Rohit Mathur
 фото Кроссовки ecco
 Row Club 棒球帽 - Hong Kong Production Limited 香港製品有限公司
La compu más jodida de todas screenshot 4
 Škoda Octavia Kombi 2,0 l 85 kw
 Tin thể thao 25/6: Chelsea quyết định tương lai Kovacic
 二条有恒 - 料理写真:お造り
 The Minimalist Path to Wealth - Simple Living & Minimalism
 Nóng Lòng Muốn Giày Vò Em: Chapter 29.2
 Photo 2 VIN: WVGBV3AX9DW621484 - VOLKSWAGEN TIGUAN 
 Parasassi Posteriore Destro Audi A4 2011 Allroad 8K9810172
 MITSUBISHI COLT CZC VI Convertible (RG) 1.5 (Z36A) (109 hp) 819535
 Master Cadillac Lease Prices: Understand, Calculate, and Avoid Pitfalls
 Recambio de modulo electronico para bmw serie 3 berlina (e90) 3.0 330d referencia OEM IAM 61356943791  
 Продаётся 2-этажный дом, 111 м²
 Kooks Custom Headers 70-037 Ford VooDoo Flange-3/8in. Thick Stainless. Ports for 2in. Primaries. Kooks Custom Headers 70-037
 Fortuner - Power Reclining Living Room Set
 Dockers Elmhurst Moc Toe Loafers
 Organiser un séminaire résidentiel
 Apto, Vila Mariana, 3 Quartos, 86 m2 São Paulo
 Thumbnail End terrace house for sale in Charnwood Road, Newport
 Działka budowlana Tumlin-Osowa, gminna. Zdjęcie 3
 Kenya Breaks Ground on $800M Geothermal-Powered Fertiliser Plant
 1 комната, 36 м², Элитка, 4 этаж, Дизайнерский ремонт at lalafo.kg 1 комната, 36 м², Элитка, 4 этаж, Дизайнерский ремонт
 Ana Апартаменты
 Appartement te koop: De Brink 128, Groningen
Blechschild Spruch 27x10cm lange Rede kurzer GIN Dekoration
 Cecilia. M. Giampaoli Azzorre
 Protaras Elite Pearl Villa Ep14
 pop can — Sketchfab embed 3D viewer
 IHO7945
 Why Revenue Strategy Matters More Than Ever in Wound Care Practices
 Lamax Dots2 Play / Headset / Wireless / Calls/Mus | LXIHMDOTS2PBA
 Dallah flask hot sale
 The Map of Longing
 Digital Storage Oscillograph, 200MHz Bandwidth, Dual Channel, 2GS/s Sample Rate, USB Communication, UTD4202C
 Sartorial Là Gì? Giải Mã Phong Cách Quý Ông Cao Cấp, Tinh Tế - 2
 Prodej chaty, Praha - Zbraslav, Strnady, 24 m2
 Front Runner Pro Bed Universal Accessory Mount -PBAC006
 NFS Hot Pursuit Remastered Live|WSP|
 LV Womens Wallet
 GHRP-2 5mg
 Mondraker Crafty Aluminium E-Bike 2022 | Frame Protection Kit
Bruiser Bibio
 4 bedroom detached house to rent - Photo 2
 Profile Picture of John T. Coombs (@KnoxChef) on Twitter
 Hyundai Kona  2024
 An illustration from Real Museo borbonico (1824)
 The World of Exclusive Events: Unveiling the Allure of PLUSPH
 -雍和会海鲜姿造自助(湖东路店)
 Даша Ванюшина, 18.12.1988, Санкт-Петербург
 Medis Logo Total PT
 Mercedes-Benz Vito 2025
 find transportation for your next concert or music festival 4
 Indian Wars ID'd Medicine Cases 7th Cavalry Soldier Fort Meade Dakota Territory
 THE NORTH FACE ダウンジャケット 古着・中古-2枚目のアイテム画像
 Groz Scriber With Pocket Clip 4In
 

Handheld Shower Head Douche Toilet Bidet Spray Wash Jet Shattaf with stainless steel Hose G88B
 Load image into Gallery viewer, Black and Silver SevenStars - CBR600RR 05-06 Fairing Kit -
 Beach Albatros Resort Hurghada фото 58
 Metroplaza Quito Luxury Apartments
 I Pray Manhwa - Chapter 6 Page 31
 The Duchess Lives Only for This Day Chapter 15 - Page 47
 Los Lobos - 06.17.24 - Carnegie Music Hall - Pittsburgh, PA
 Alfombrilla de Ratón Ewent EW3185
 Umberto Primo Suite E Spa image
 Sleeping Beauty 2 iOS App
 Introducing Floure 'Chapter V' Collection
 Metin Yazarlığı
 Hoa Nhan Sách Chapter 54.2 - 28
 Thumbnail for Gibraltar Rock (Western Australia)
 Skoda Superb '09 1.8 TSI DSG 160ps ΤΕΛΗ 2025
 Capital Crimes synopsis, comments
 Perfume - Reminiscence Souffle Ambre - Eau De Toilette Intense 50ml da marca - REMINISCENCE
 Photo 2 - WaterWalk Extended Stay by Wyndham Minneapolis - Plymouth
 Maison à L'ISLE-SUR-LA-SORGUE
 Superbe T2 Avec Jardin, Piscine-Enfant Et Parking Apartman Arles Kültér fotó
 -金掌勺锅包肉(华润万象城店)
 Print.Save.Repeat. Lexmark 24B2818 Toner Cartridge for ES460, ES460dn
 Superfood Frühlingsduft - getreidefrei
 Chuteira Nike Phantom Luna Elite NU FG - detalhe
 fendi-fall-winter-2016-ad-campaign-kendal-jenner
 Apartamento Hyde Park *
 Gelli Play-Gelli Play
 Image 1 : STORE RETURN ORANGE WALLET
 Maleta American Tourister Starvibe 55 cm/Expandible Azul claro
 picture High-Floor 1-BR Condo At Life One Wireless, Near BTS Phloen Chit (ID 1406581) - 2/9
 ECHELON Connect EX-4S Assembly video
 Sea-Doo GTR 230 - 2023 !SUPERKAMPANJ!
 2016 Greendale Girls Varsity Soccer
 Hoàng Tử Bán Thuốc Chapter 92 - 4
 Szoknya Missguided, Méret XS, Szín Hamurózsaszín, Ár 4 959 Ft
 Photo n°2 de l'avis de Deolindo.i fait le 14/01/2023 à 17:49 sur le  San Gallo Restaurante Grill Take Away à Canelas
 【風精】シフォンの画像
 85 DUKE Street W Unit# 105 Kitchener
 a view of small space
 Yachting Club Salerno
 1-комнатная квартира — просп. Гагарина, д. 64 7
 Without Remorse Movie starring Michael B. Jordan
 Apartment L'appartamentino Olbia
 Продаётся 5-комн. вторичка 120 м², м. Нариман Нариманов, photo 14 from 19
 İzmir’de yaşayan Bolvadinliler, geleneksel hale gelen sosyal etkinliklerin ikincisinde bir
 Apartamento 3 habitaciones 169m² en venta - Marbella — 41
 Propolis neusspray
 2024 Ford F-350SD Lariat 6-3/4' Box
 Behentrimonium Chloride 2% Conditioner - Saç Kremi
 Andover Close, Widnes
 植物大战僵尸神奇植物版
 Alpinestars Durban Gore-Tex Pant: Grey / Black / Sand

## WHAT THE EXERCISE ASKS
Your answer must be every line from the entries that contains the string "Elite", copied as it stands.

## ANSWER FOR THIS EXERCISE
 Protaras Elite Pearl Villa Ep14
 Chuteira Nike Phantom Luna Elite NU FG - detalhe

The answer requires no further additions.